Eric N. Mack’s paintings and sculptures assemble sundry found materials with traditional media to establish a complex dialogue between material and subject that questions existing definitions of form, function, and style. Following solo exhibitions at Albright-Knox in 2017 and Simon Lee Gallery in 2018, Mack was invited to transform the Brooklyn Museum
’s Great Hall with a site-specific installation of his textile
-based works. The result, Eric N. Mack: Lemme walk across the room
, invites a discussion on the fundamental components of aesthetic vision and the mercurial relationship between visual culture and everyday life. Positioned at the intersection of art, fashion, and architecture, Mack’s work reveals an array of unexpected connections and contradictions. A discussion with the artist on the installation and his practice provides a glimpse of his creative processes and wide-ranging interests.
The Architect’s Newspaper: Were you responding to specific elements of the classical architecture of the Great Hall?
Eric N. Mack:
Yes. The space has no corners. So, I felt like I wanted to build a painting structure that would embrace this architecture, that would be contingent on the architecture, and would change the way that people engage in the space and see the space from a given vantage point. But I chose the fabric because it was slightly transparent, so it wasn't about opaqueness, or an immediate opaque gesture, but rather a gesture that deals with transparency in the space. So I was thinking about an overlay or patterns that could flatten out as a decorative point, but through their depth create some markers of distance and closeness.
AN: In a lot of your past interviews and articles on your work, the authors always talk about how you grew up in Washington, D.C., and went to the National Gallery all the time because your parents worked there, and I thought it was really fascinating that your dad built vitrines and was an interior designer for the exhibitions there. Did that have any impact on your process for creating this work?
I mean I think there's a lot about…generous museum experiences. And how those moments really resonated with me, not necessarily just at the Brooklyn Museum but any museum experience. I'm just thinking about an exalted moment of viewing artwork. Some of the most dynamic experiences had to do with really feeling the length of the room and really understanding the impact of my body in the space as a viewer. Almost like a dream—like a way of seeing an artwork that is almost in between installation [and painting] or something like that. So you end up really focusing on this moment of engaging points of measurement or exchange between you and the artwork.
AN: Yeah, that sort of leads to my next question, which is about the title; obviously it's an imperative for you to follow along the boundaries of the white, horizontal paintings, but it also sounds like a larger, more conceptual grounding for the entire installation, and maybe a specific aspect of your practice, in a way. Would you say that's a correct reading or is there another reason you felt that title was the most appropriate?

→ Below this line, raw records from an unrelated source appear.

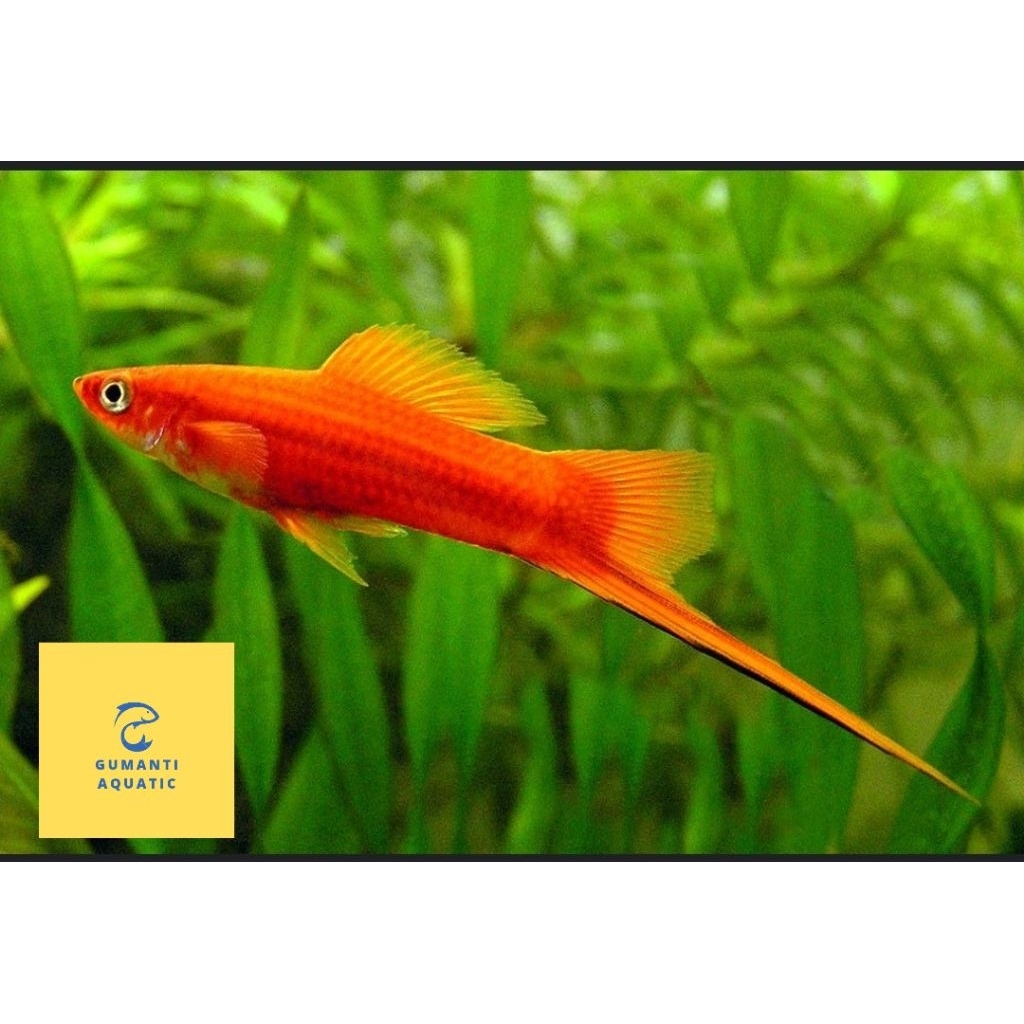 PLATY Sword tail PLATY PEDANG  AKUARIUM AQUASCAPE
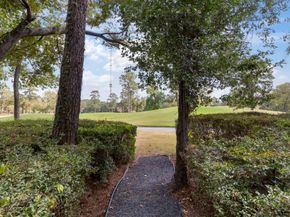 10 Mill Point Place, The Woodlands TX 77380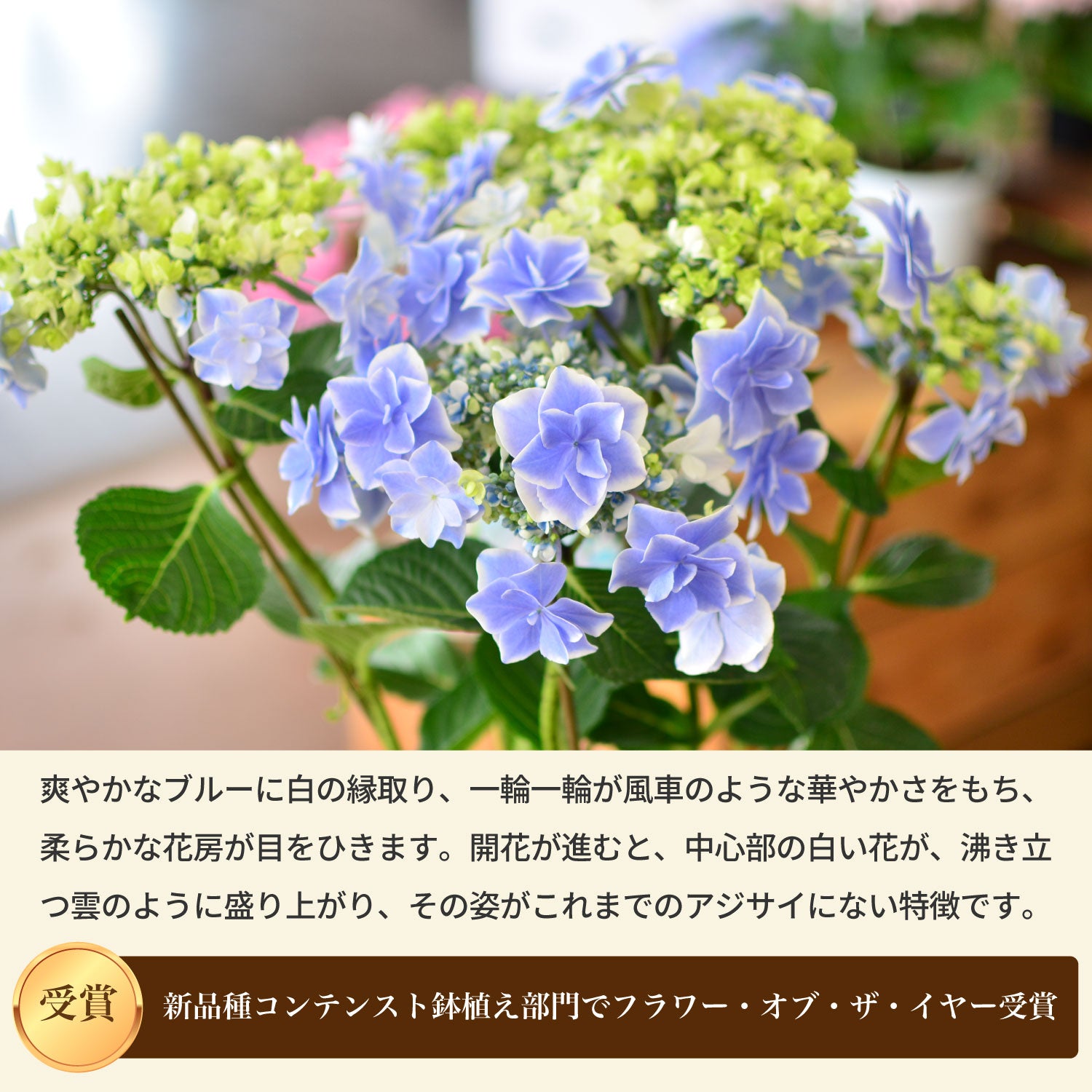 銀河 特徴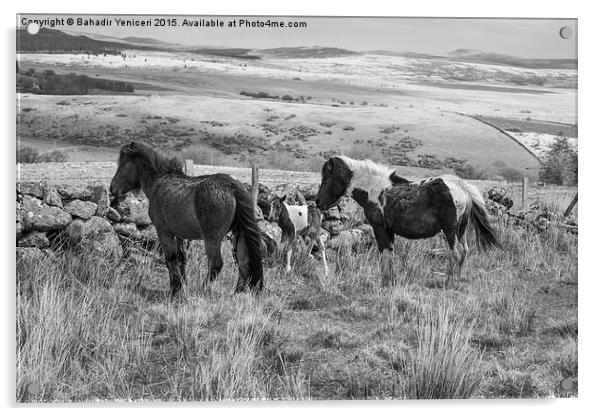 Wild Dartmoor Ponies Acrylic by Bahadir Yeniceri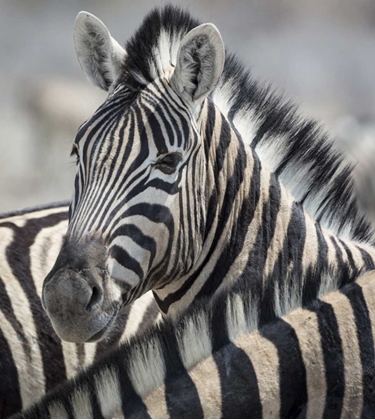 Picture of NAMIBIA, ETOSHA NP PORTRAIT OF A ZEBRA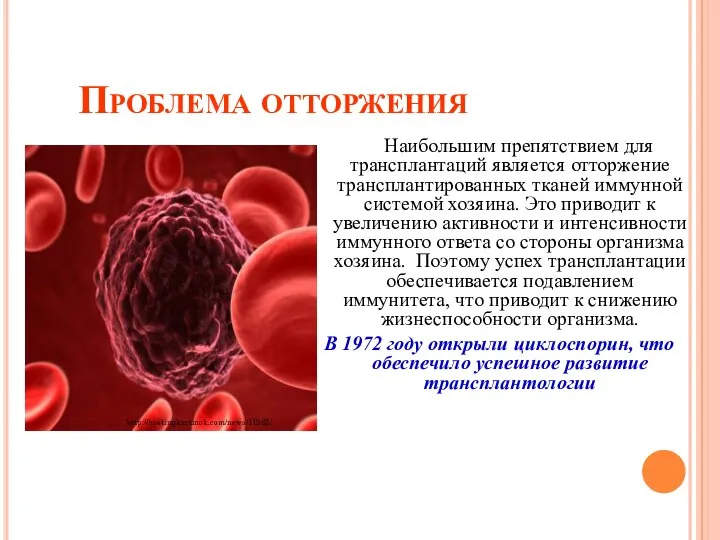 Проблема отторжения Наибольшим препятствием для трансплантаций является отторжение трансплантированных тканей иммунной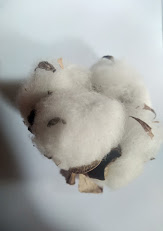 Annexe IMG_20200414_152833116.jpg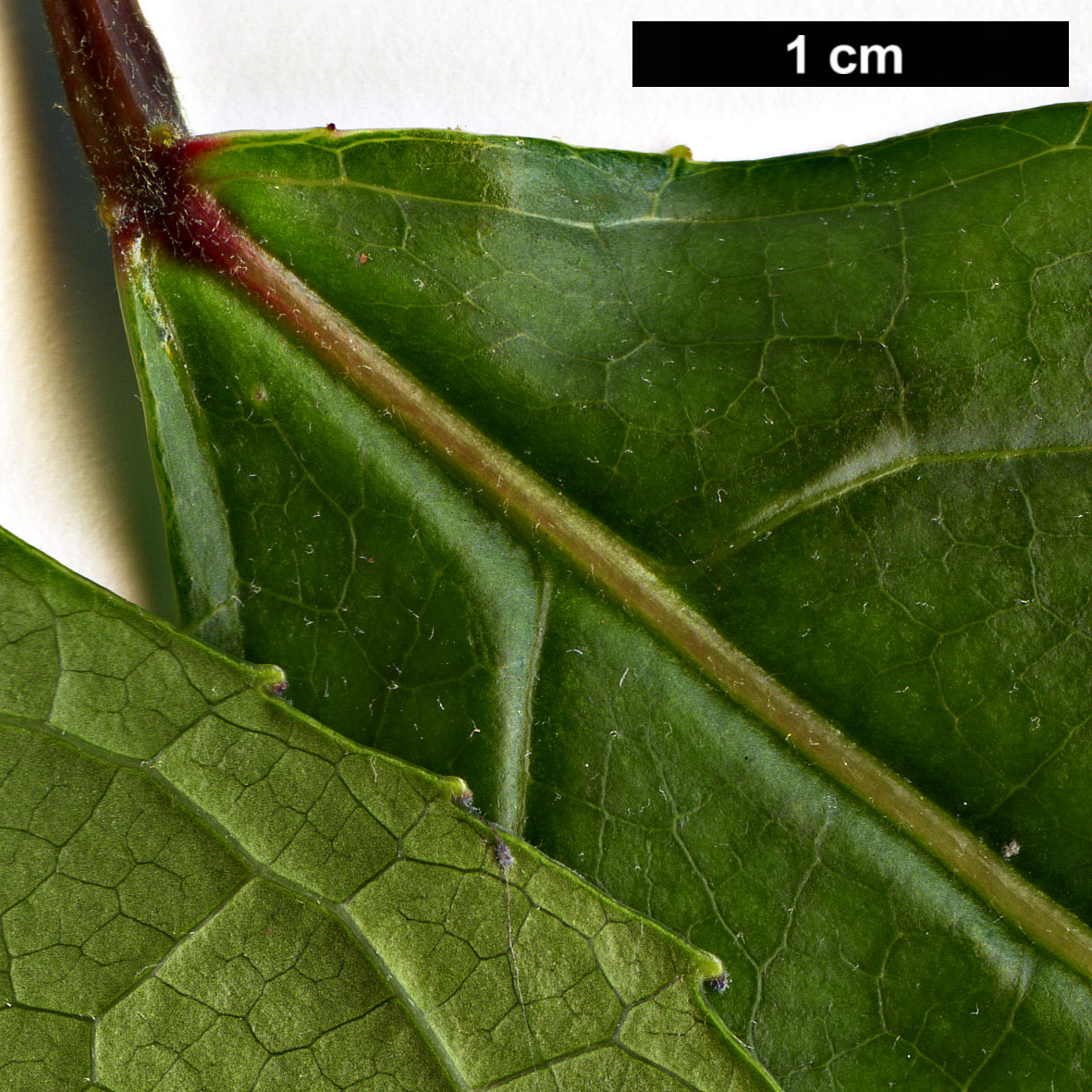 High resolution image: Family: Altingiaceae - Genus: Liquidambar - Taxon: excelsa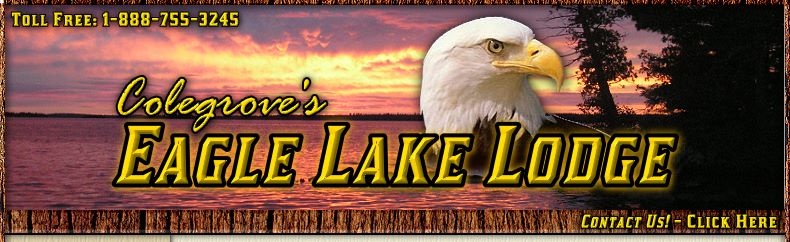 Eagle Lake Lodge offers the best fishing and hunting trips in Ontario, Canada. Our canadian fishing lodge, canada camp and ontario fishing resort boasts world class walleye and musky fishing at Eagle Lake Lodge.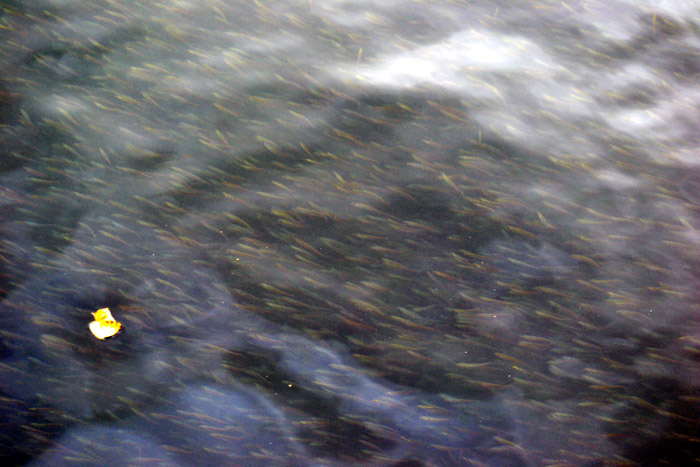 e0037129_9272861.jpg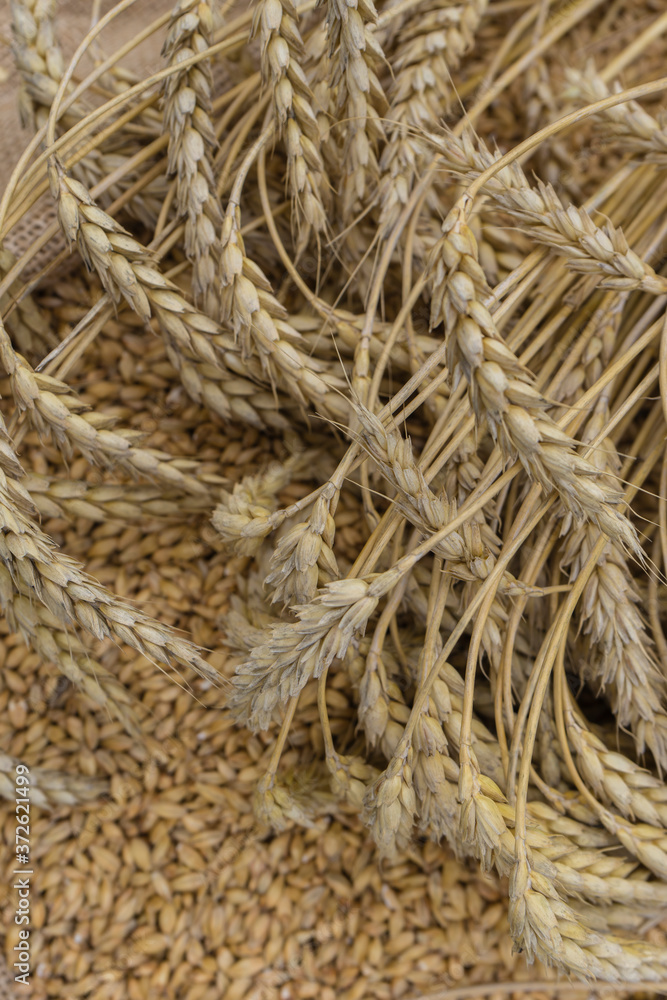 Ears of barley on a background of barley grains Ears of barley on a background of barley grains
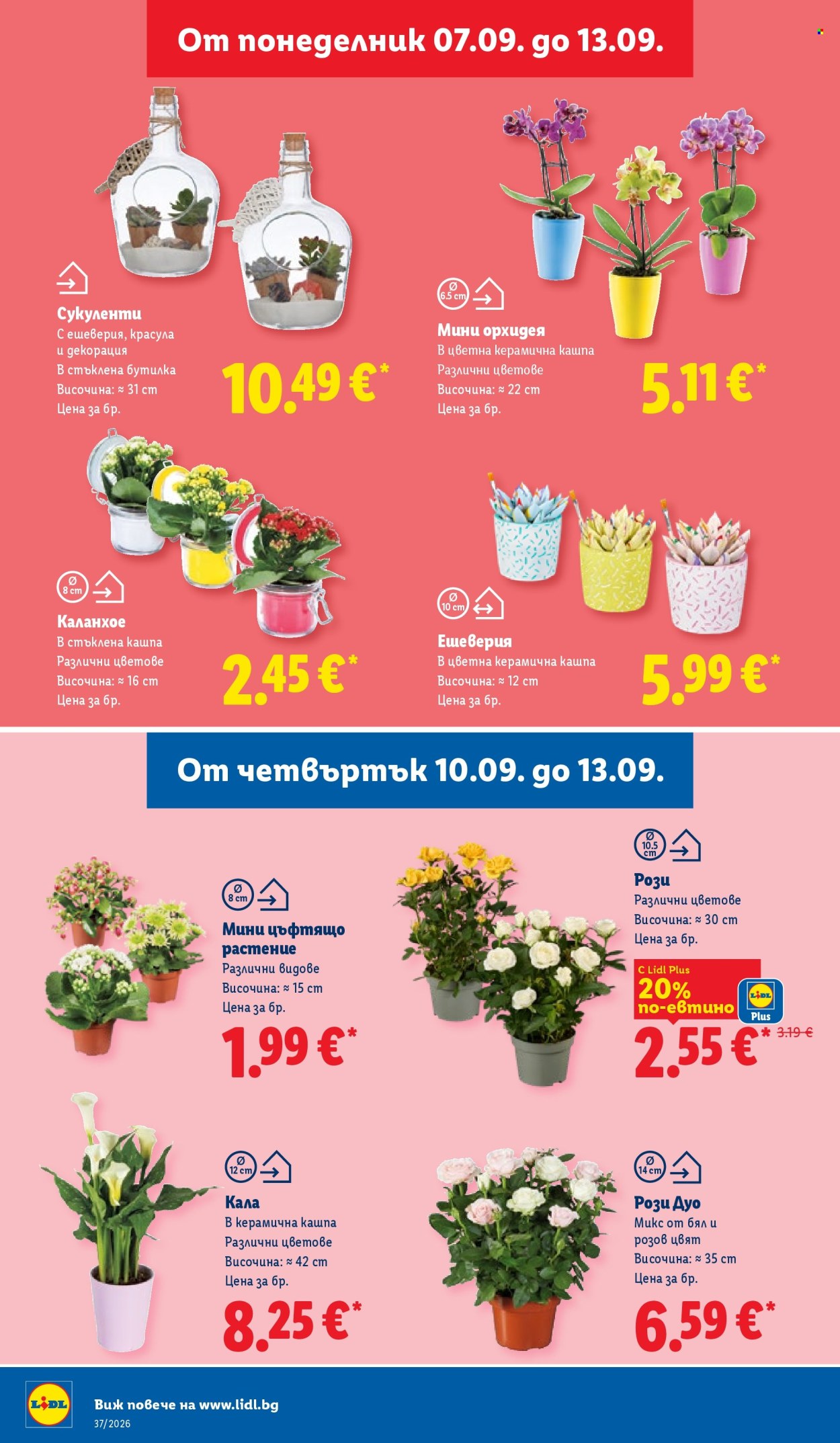 Брошура на Лидл - 07.09.2026 - 13.09.2026. Страница 52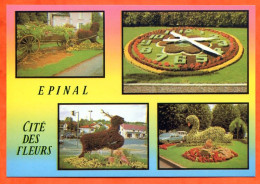 88 EPINAL Cité Des Fleurs Multivues Trophée Entente Florale Européenne Carte Vierge TBE - Epinal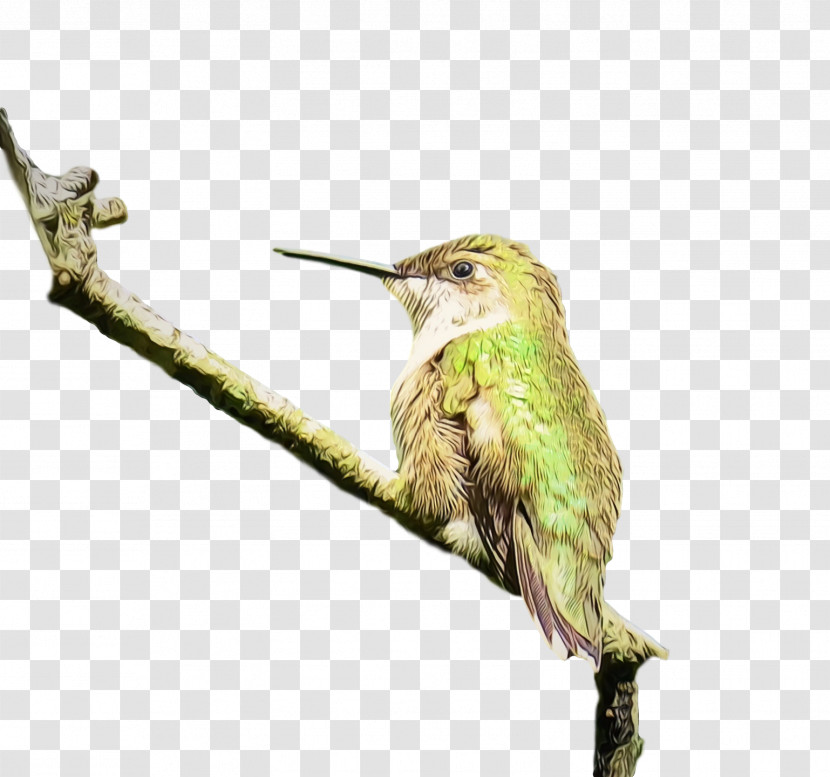 Hummingbird Transparent PNG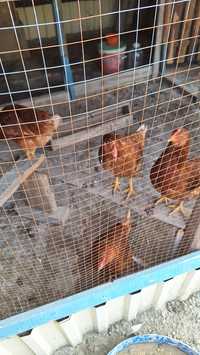 Курицы породы Ломан Браун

When I choose a title there are probably at least four different ways that point me to that place again and again. First, I wanted there to be almost a performance prompt for the viewer. But it also has this personalized position in which people have to determine whether it's about me or it's about them. And maybe it's about both of us. [It’s also about] questioning frameworks, breaking down frameworks and creating new ones that are maybe less familiar. But I also love that [the title] almost alludes to a runway show, at the base of it. The fact that there will be a personal impetus for a runway show or catwalk show. And that's something that I'm still unpacking.
AN: You also have a very strong collagistic impulse. Why do you find it necessary or how would you describe it?
I think this show deals in collage in many ways…I think garments are naturally related—or congruent—to collage. The intention around stitching or the suture ends up being a possibility for a felt, dynamic place of legibility. It ends up being a space that is specifically about the reconstruction of form, and maybe a critical deconstruction
in a way, for the moment of reconstruction. So, there are several different points that I think speak to a linked or connected language. A lot of times I feel like the properties of a work have to be turned inside out to understand what they are presently, and what they were. So, I think to be able to show that I think is a really generous end or offering to the viewer.
AN: So this question may or may not be interesting, but when I went, there was a guard standing right in the middle of the installation. Do you have any thoughts or feelings about that? I assume you didn't have too much say over their presence.
That's awesome, I like that. I mean, I think the guards are people that are usually supposed to be invisible. I just think that all the corners are super active, so it's not a place where they could necessarily…
AN: Disrupt anything.
AN: But I still felt their presence still as I was moving through.
Me too, actually. Yeah, that's always an equation that could easily be overlooked. Even by the viewers themselves, the fact that there are people who could potentially be experts in the work besides the artist, the security guards—if they're paying attention, [and] I'm sure they are.
AN: Did you use any specific elements to the large collage on the right wall specifically for this show? Or was it kind of an assemblage you already had? Kelis stands out to me.
Yeah, she's amazing.
AN: I mean Kelis is associated with New York, but not all of the elements are.
Exactly. And I love that because it's really about a time and space. I mean I talked about them before as hyperlinked material images. But there's a lot of ways to read it. There's a kind of elegy to Phoebe Philo, Céline. The title is Tartan Film Strip from 1987 Till Recent
. And thinking about the space of the grid as being the space of representation first and then it also being a place for points of reconnection, dislocation, or rupture, basically.
AN: Yeah, which is a very painterly concept I feel like. I know you're a painter.
Definitely. I move forward or away from those…
Yeah, or that definition,
all the time. But yeah, I think the narrative of the piece generally has to do with points of comparison. Somehow below the horizon line there's a lot more vintage materials. Some of the images are from Interview
magazine from 1987.
AN: Which is the year you were born.
Exactly, yeah. There are these archetypal ways that these women were being photographed, that fashion existed within the image but it was mostly about their gaze and their contact.
AN: How they were presenting themselves.
Exactly. I mean like Janet Jackson definitely—the album called Control
is very much about one's authorship in [their] control of their career, their bodies.
AN: Do you ever put in personal effects? Was there a picture of you?
Yeah. It’s from the first time I went to Europe and I was 14. But it also sits on the opposite end [of the collage] as Isa Genzken, an image of a sculpture she made [Slot Machine
, 1999–2000]. And that was kind of a point of validation for me, with her portrait—there was definitely a way and a manner to the work that I feel like could relate to Isa's work. And I didn't want to diminish that or go away from it, but perhaps use it as content. Isa's last show [Isa Genzken: Retrospectiv
e (November 2012 – March 2014) at the Museum of Modern Art, New York] was also sponsored by Céline.
Oh really? I didn't know that.
And I always loved that because I felt like they’re adjacent. Like, there's these two adjacent industries that end up supporting one another in various ways that are highly aesthetic.
Eric N. Mack: Lemme walk across the room
is on view at Brooklyn Museum through July 7.